— TASK BRIEF —
Among the entries below, extract exactly the lines that run from the one with "園芸ネット本店｜キンジソウ（金時草）3号ポット 2株セット の通販【公式】" through the one with "poke milkweed thumbnail 3", both ends included.

— RECORDS FOR THE EXERCISE —
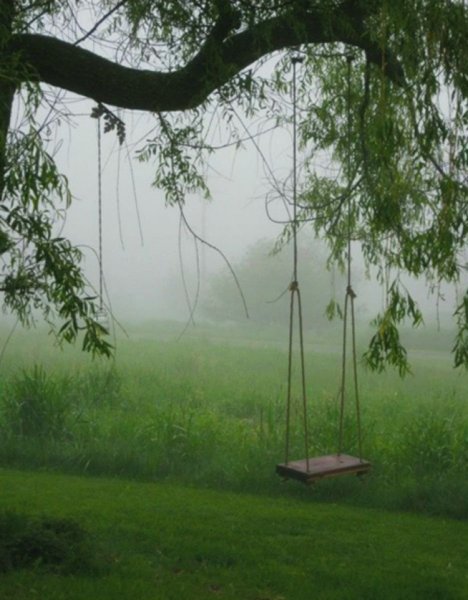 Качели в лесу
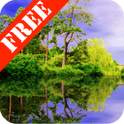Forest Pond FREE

==

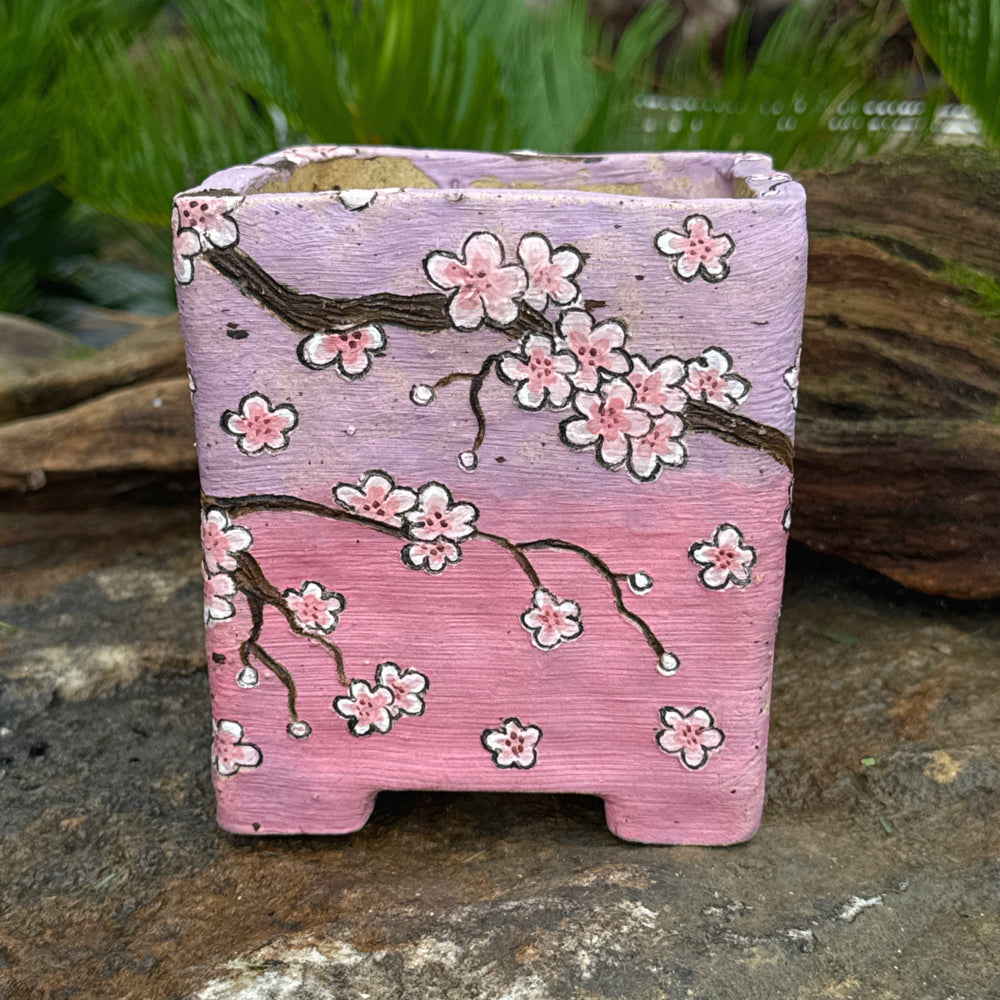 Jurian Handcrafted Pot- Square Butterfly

==

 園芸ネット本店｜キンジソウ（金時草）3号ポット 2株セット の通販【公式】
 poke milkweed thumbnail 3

— FINISHED TASK —
 園芸ネット本店｜キンジソウ（金時草）3号ポット 2株セット の通販【公式】
 poke milkweed thumbnail 3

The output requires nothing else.